* [WHAT TO PRODUCE]:
I'd like the records transcribed exactly, leaving the images out.

* [DATASET EXTRACT]:
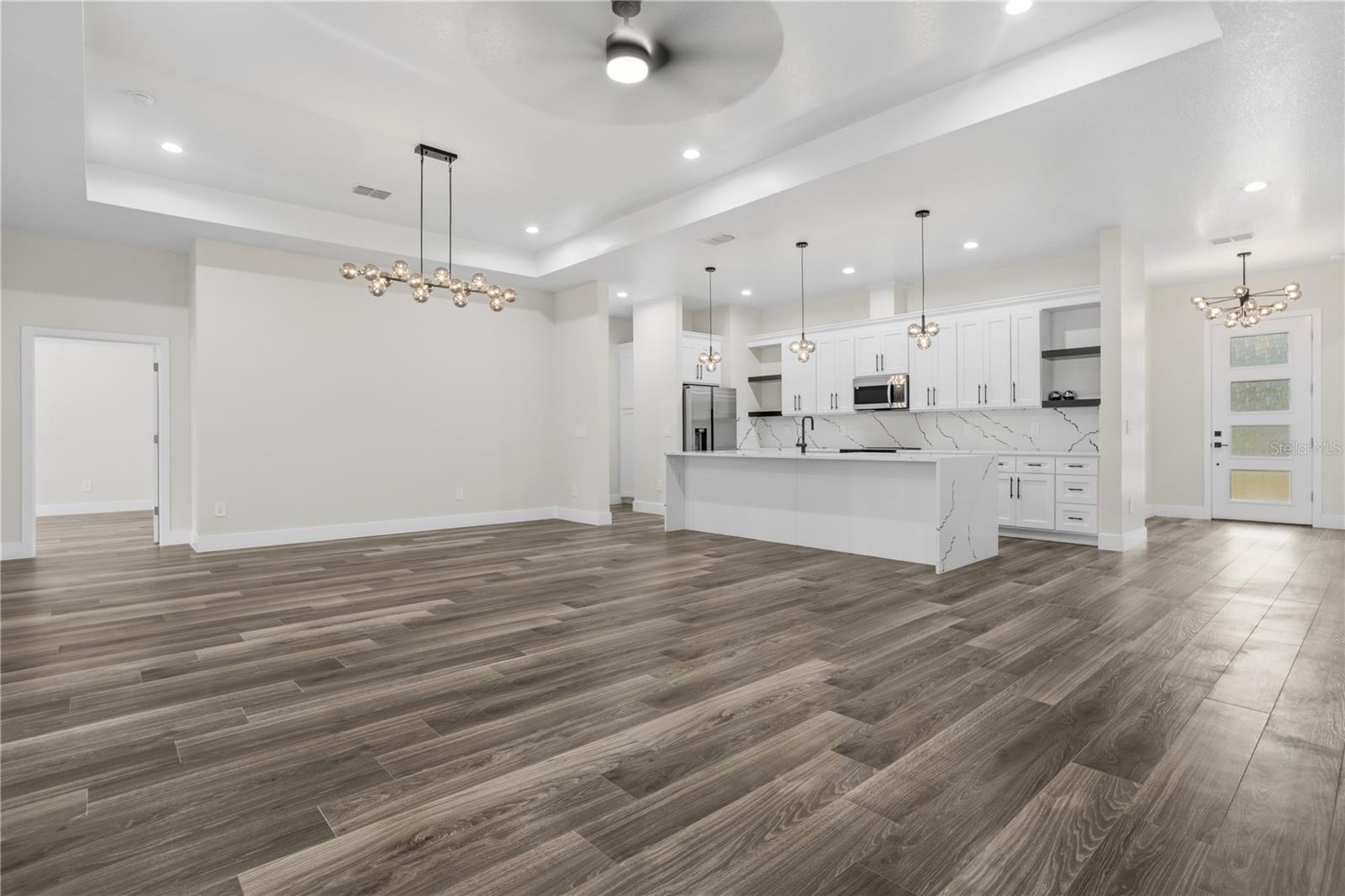 ROYAL TRAILS UNIT 01 - Residential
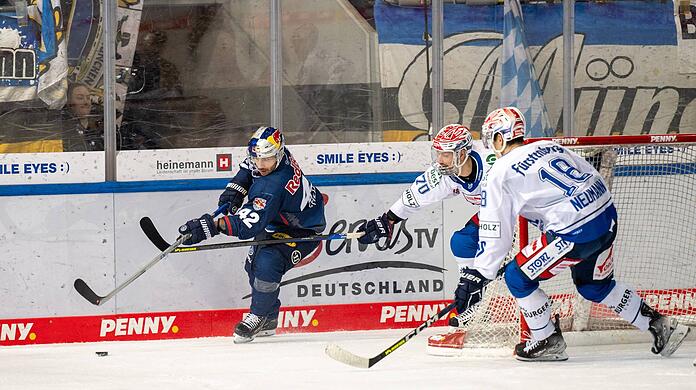 Yasin Ehlitz (li.) und der EHC müssen gegen die Schwenninger WIld Wings eine Niederlage hinnehmen.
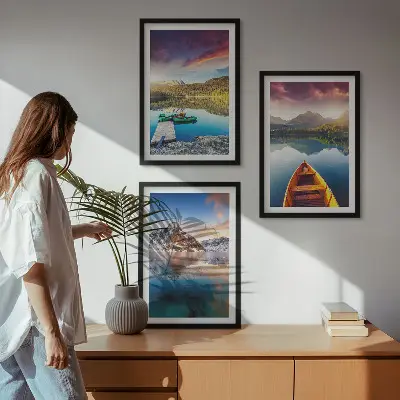 Cadre photo mural avec paysage de lacs montagnes et bateau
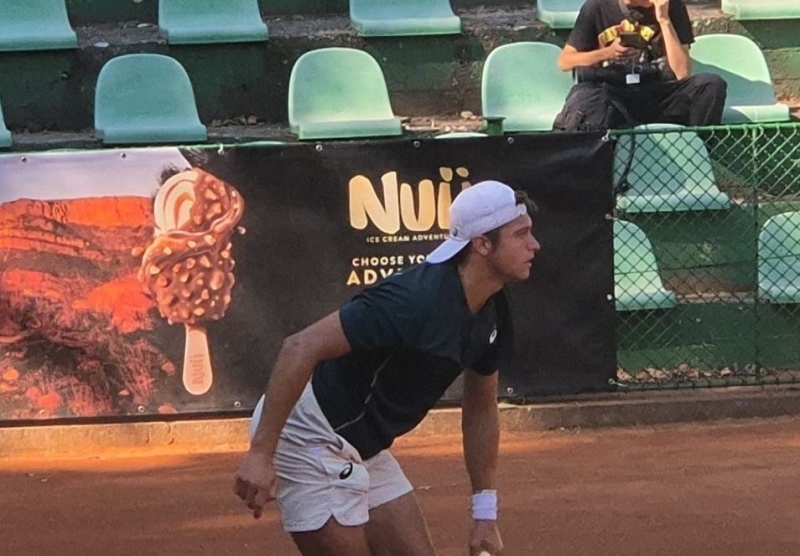 Александър Василев отпадна в първия кръг на турнира по тенис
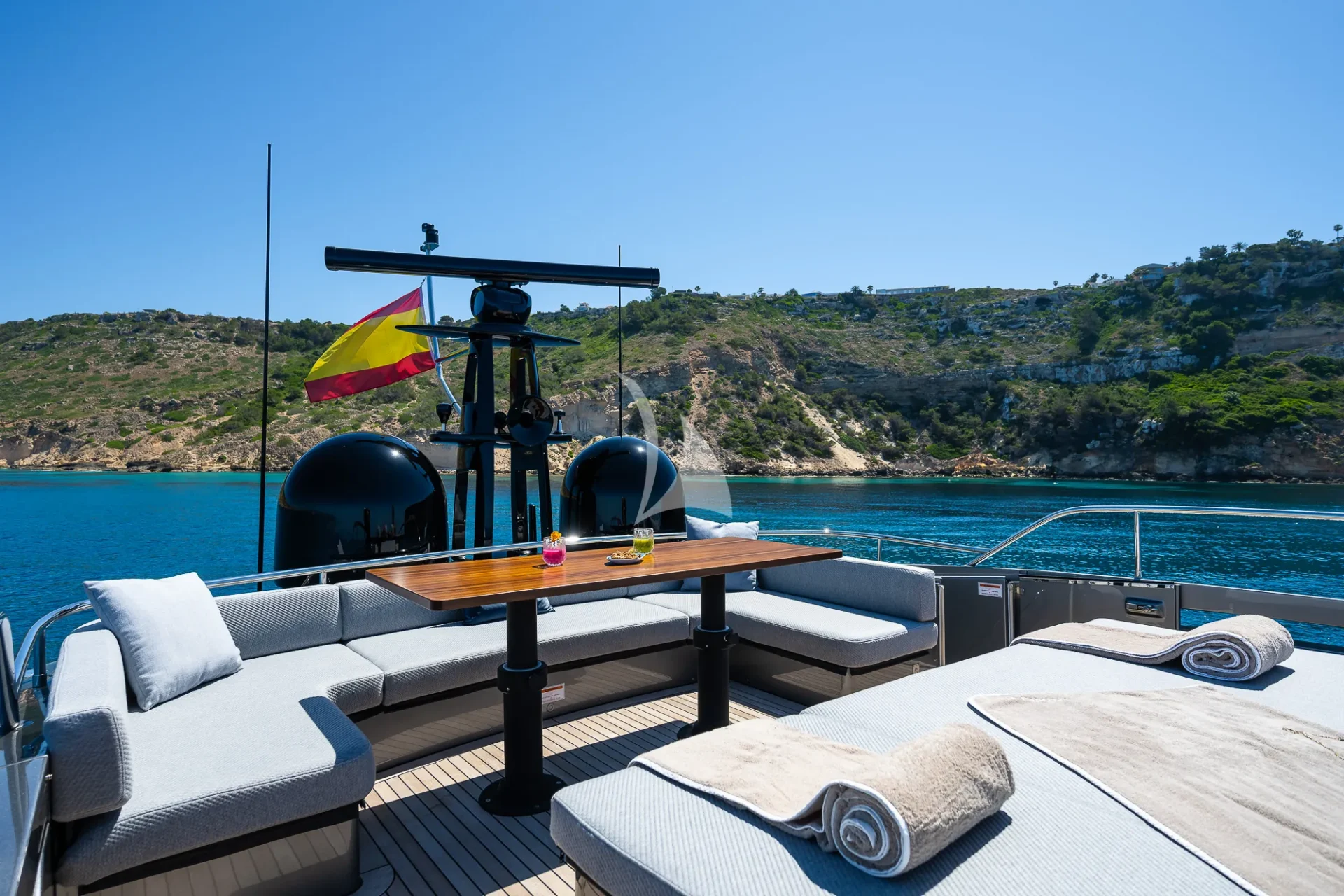 EL MACANN Charter Yacht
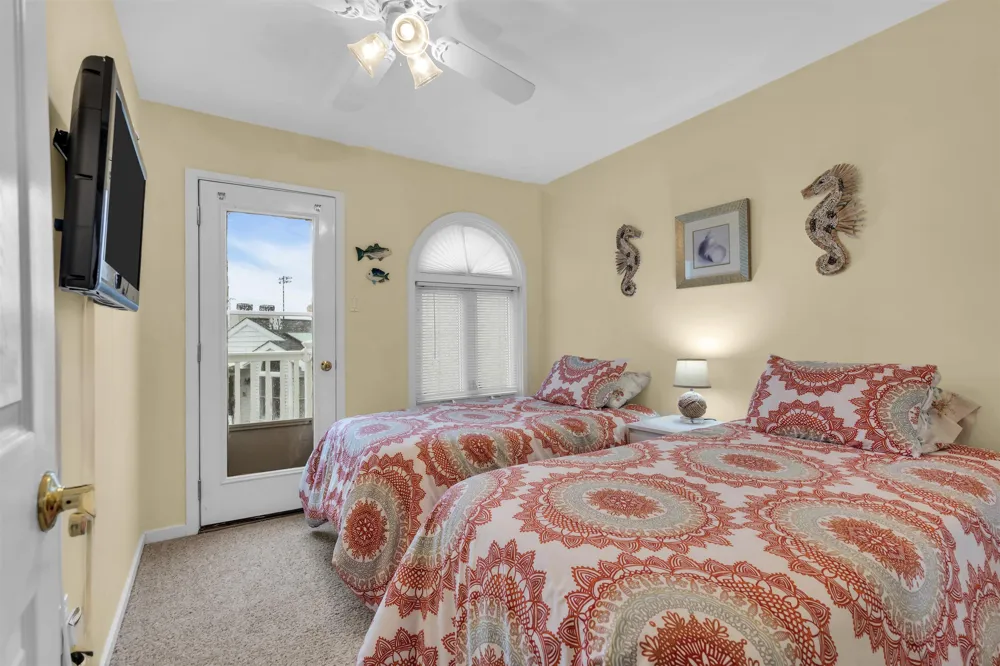 9 W 6th Street Ocean City, NJ 08226
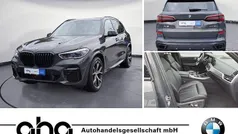 Grau Gebraucht 2022 BMW X5 M Sport SUV | 51.820 € (Guter Preis)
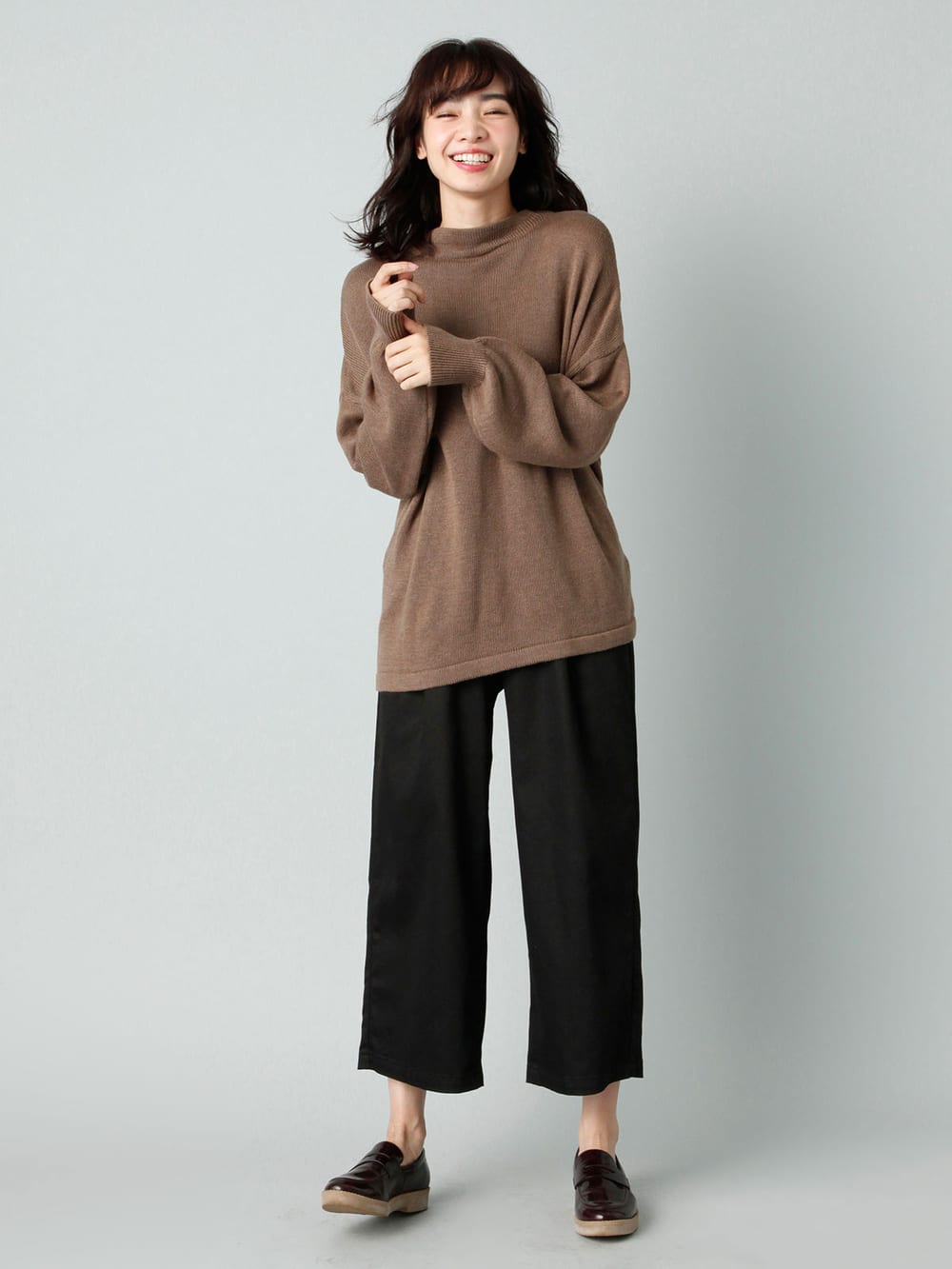 マタニティ パンツ|【産後専用】ママと開発した産後サポートVパンツタックストレート|ブラック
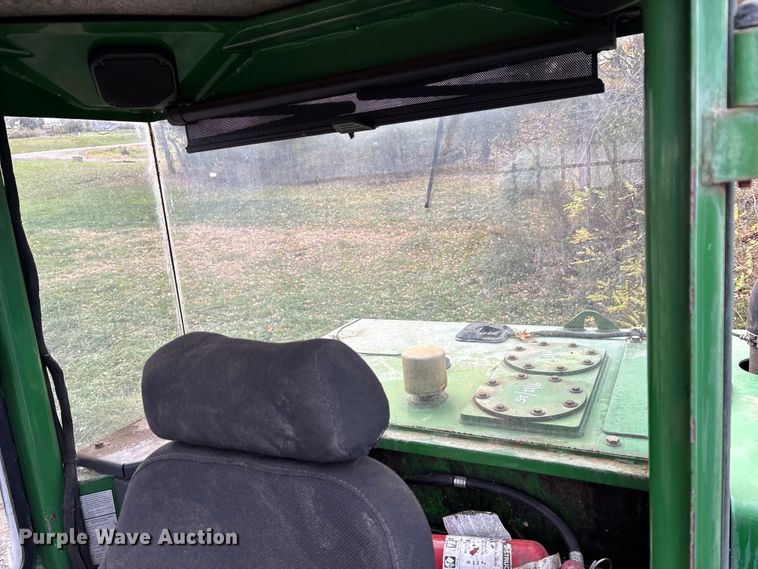 image for item FK1025 2011 John Deere 437D log loader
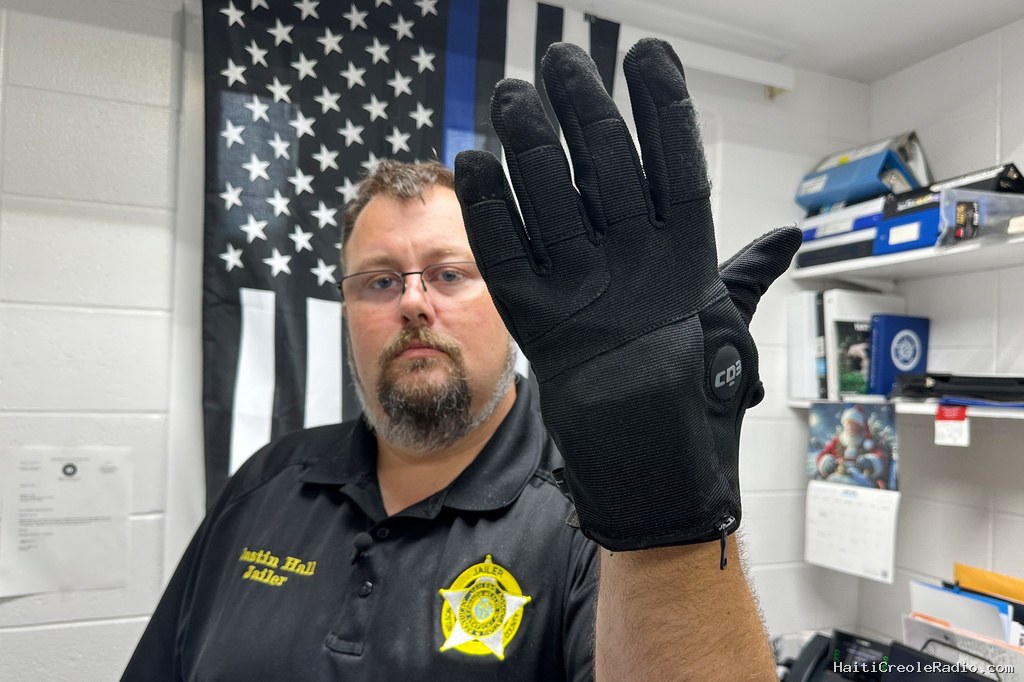ICE awards $16.7M contract to buy 6,000 pairs of gloves that deliver electric shocks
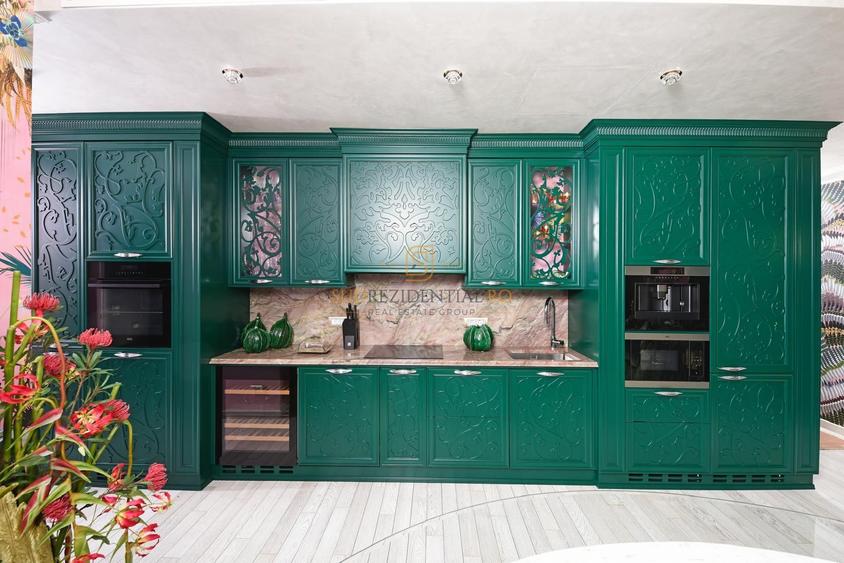 Resedinta de Lux Rococo, 4 camere, Panorama Superba catre Mare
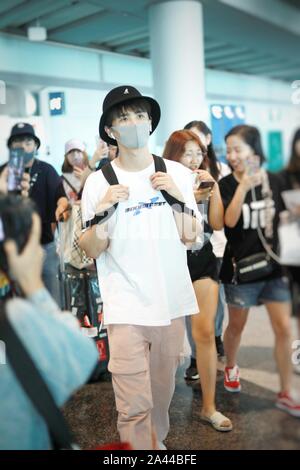 L'acteur et chanteur chinois Zhang Yuan, front blanc, arrive à l'aéroport international Beijing Capital avant le départ à Beijing, Chine, 18 août 2 Banque D'Images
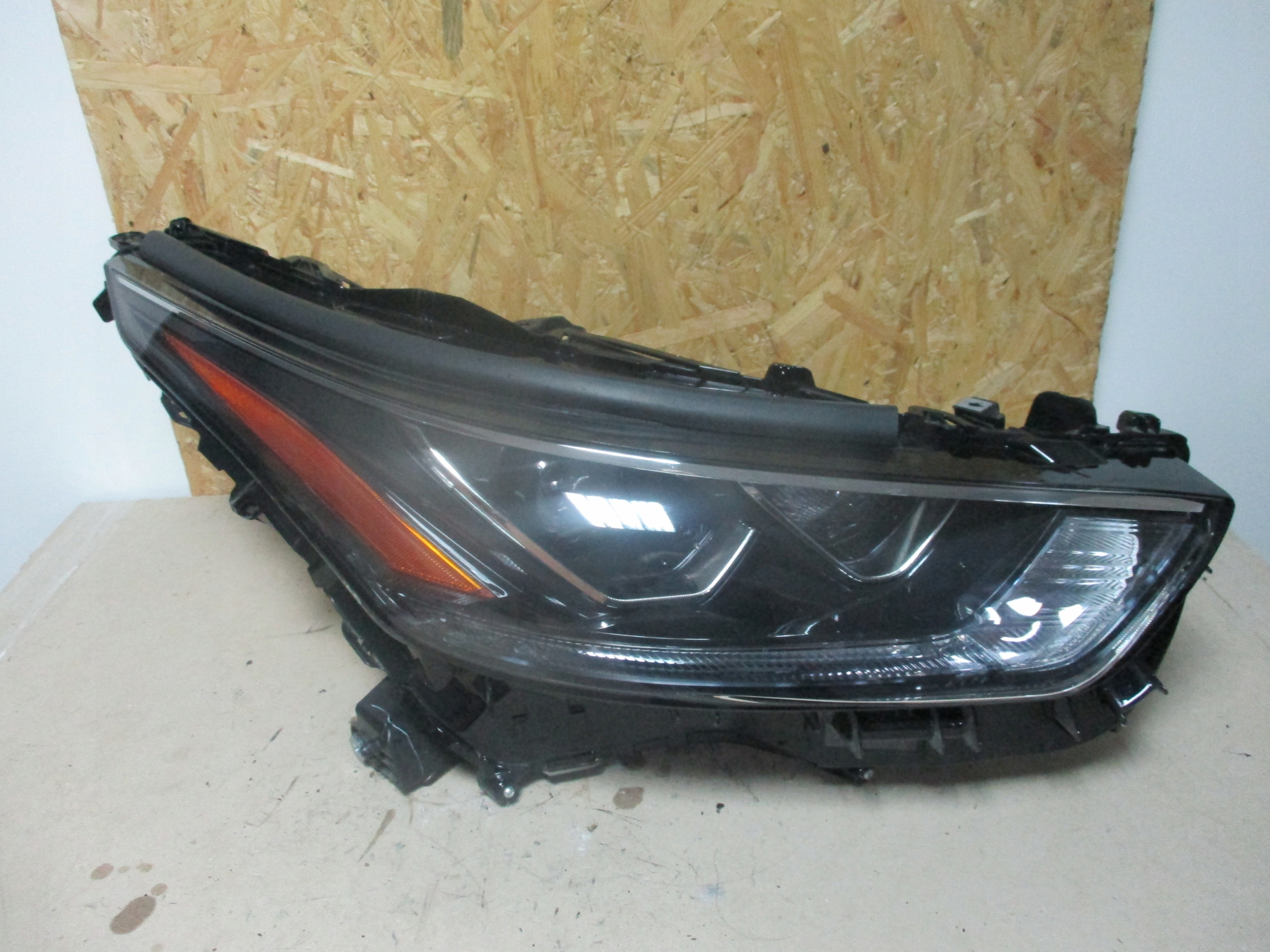 light front right FULL LED Toyota Highlander 19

* [COMPLETED EXERCISE]:
 ROYAL TRAILS UNIT 01 - Residential
 Yasin Ehlitz (li.) und der EHC müssen gegen die Schwenninger WIld Wings eine Niederlage hinnehmen.
 Cadre photo mural avec paysage de lacs montagnes et bateau
 Александър Василев отпадна в първия кръг на турнира по тенис
 EL MACANN Charter Yacht
 9 W 6th Street Ocean City, NJ 08226
 Grau Gebraucht 2022 BMW X5 M Sport SUV | 51.820 € (Guter Preis)
 マタニティ パンツ|【産後専用】ママと開発した産後サポートVパンツタックストレート|ブラック
 image for item FK1025 2011 John Deere 437D log loader
ICE awards $16.7M contract to buy 6,000 pairs of gloves that deliver electric shocks
 Resedinta de Lux Rococo, 4 camere, Panorama Superba catre Mare
 L'acteur et chanteur chinois Zhang Yuan, front blanc, arrive à l'aéroport international Beijing Capital avant le départ à Beijing, Chine, 18 août 2 Banque D'Images
 light front right FULL LED Toyota Highlander 19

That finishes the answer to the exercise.